How To Shop For Your Moroccan Dinner Like A Pro

I stand under the lemon tree that grows in the courtyard of our house and check my shopping list. Guests are coming this evening, and I am making a traditional Moroccan meal for them to enjoy!

Satisfied that I haven’t forgotten anything, I grab my purse and leave. One of the best things about living in Fes, Morocco is that shopping is easy. I can go out and get everything I need for an extravagant meal in one street. I check my list.

Item # 1: 1 Chicken

At the top of Tala, which is the Arabic word for street, you can find your meat. I can hear the women bickering with the shop keepers, bargaining to get the lowest price. I pass the butcheries with the animal heads hanging from hooks and walked over to a man standing behind a clean white tile counter. In the background is a large cage full of squawking chickens unaware of their fate.


I ask the shopkeeper for one chicken and then leave to buy some bread. I know that when I return, the chicken will be cleaned and ready for cooking.

Item # 2: Khobz

My favorite place to buy khobz, or Moroccan bread, is at a simple stand that is run by a Moroccan woman. Although her face is covered in a veil, I can see that she is smiling as she greets me by the twinkle in her eyes. As always, the bread is freshly baked, but this morning I am extra lucky – the bread is warm. After paying and thanking her, I return for my chicken which is double bagged and ready.

I need the chicken to make tagine, a classic Moroccan meal. Since tagine is like stew in that it has a thicker broth, it is customary to use the bread to eat it in place of silverware.

Item # 3: Veggies: Cucumber, Tomato and Onions.

Down the street a little way further is the vegetable section of the Tala. It consists of shops with different baskets and crates filled with fresh vegetables. “Bishal b’kilo?” I ask, which means in English “How much per Kilo?”


Satisfied with the prices, I pick out each of the vegetables and give them to the boy to weigh.
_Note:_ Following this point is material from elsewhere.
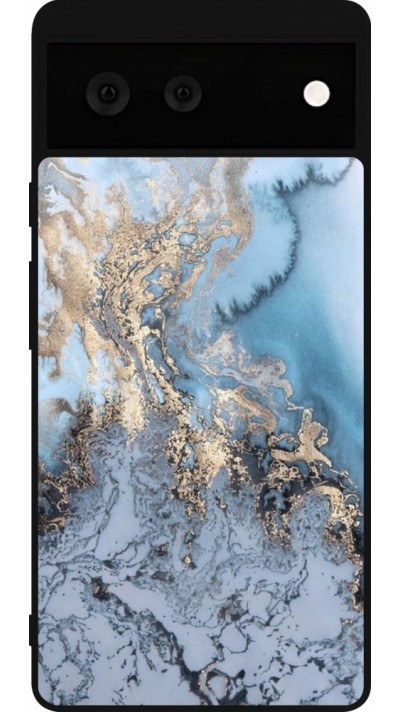 Google Pixel 6 Case Hülle - Silikon schwarz Marble 04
I’m using the cucumber and tomato to make a traditional salad that consists of finely diced tomatoes and cucumber with a little lemon and parsley. The onion will go in the Tagine.
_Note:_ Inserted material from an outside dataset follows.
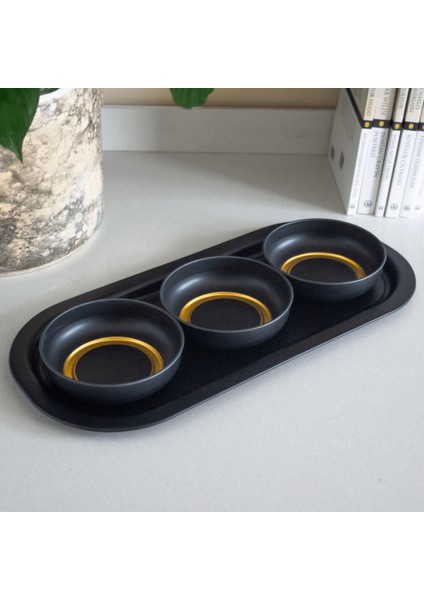 Home 3'lü Çerezlik ve Sunumluk Tepsi Seti - Siyah & Gold fırsatları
Item # 4: Fruit: Apples, Oranges, Lemons, Bananas and Strawberries

You get your fruit at the same place. There are few places with fruit as fresh and cheap as in Morocco. The trick to this is to buy what is in season. Currently, all the items on my list are in season.

The lemons are for the tagine and the salad. The rest are for dessert. Oranges are in abundance, which is always exciting because Morocco is famous for its juicy oranges. It is traditional to use fruit as dessert by chopping it up and arranging it on a platter. Just before serving, I will dust them with cinnamon sugar. I make my purchase and then move on.

Item # 5: Mint and Olives


I can find mint in a cart by the side of the road. They sell it in bunches and you can smell it before you see it! In the same place, you can buy rose water and jasmine in case you are baking an extravagant Moroccan treat. I lift up the deep green plant and enjoy its fresh scent. I always buy a bunch to make Moroccan mint tea which is a must have for every proper Moroccan meal. It is usually served after the meal with handmade pastries or cookies that you can buy at the store.

The olives are located across the street and are a perfect picture opportunity for all who pass. The olives are piled into domes above their baskets and have multiple flavors and colors. Some have a zingy lemon flavor and others have spice from hot peppers. I buy them by asking for 5 dirhams (about fifty cents) worth and they fill up a bag and give it to me. I will arrange these around the tagine, which is served in a dish in the center.

With all the ingredients for a perfect meal in my hands, I walk back up the street to my house where I will begin to cook my meal.